KOMENTAR PASAL 105 UUPPLH
Oleh: Alvi
Syahrin
I. Pasal 105 Undang-Undang Nomor 32 Tahun
2009 tentang Perlindungan dan Pengelolaan Lingkungan Hidup (UUPPLH) berbunyi:
“Setiap
orang yang memasukkan limbah ke wilayah Negara Kesatuan Republik Indonesia
sebagaimana dimaksud dalam Pasal 69 ayat (1) huruf c dipidana penjara paling
singkat 4 (empat) tahun dan paling lama 12 (dua belas) tahun dan denda paling
sedikit Rp.4.000.000.000,00 (empat milyar rupiah) dan paling banyak Rp.
12.000.000.000,00 (dua belas milyar rupiah).
Ketentuan
Pasal 69 ayat (1) huruf c UUPPLH, berbunyi: “Setiap orang dilarang: ... c.

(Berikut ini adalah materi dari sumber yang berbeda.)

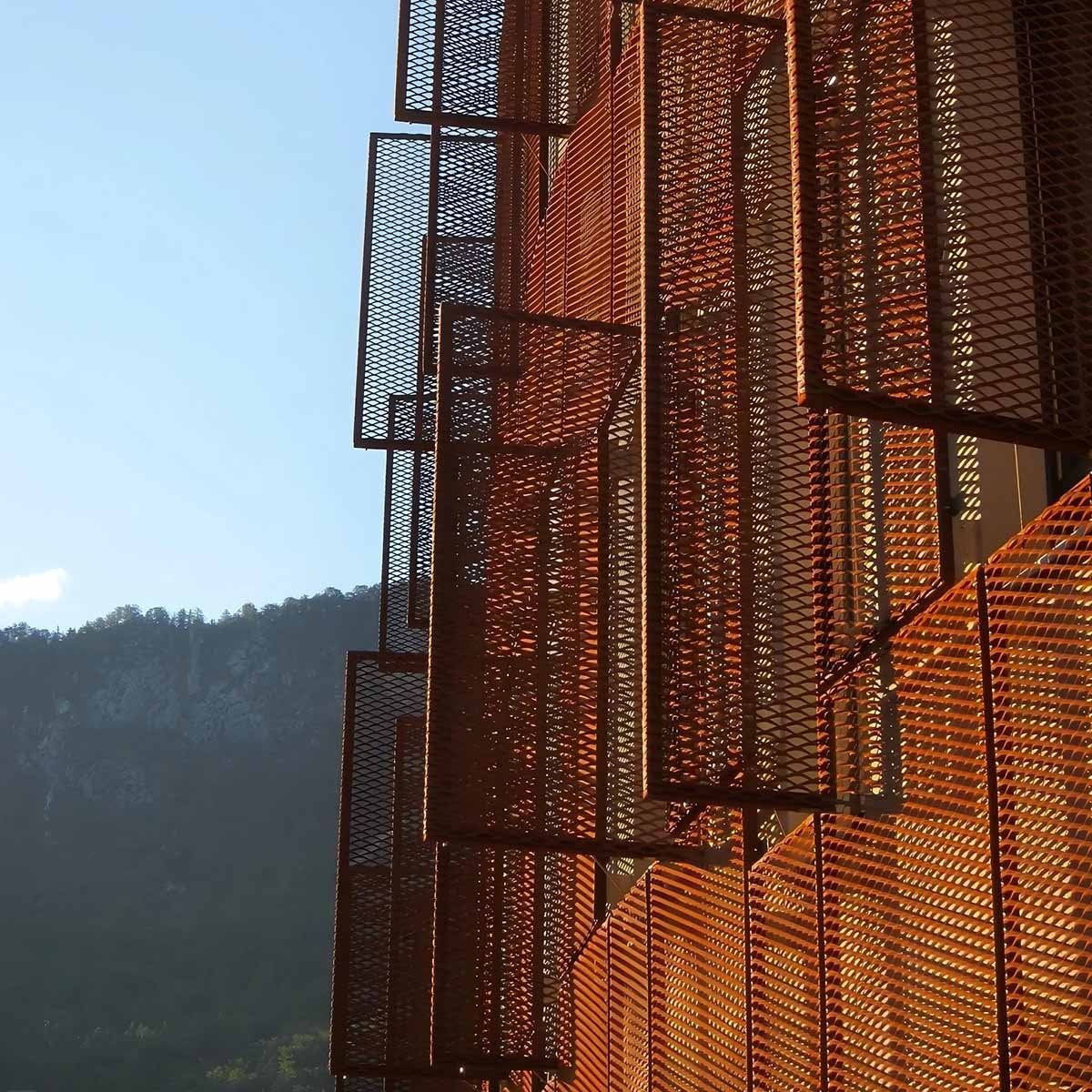 img-2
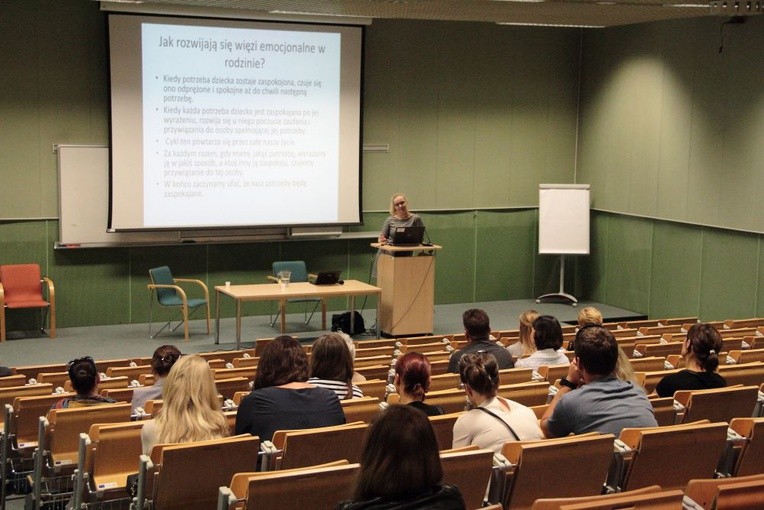 Konferencja o rodzinach zastępczych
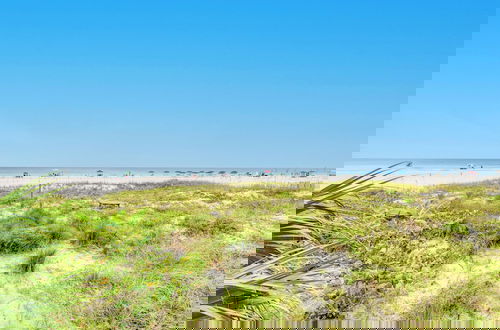 Photo 29 - Anna Maria Island Beach Happy-direct Beach Front-1br-1br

Memasukkan limbah yang berasal dari luar wilayah Negara Kesatuan Republik
Indonesia ke media lingkungan hidup Negara Kesatuan Republik Indonesia.”.
Penjelasan
Pasal 69 ayat (1) huruf c, berbunyi: “Larangan dalam ketentuan ini dikecualikan
bagi yang diatur dalam peraturan perundang-undangan”.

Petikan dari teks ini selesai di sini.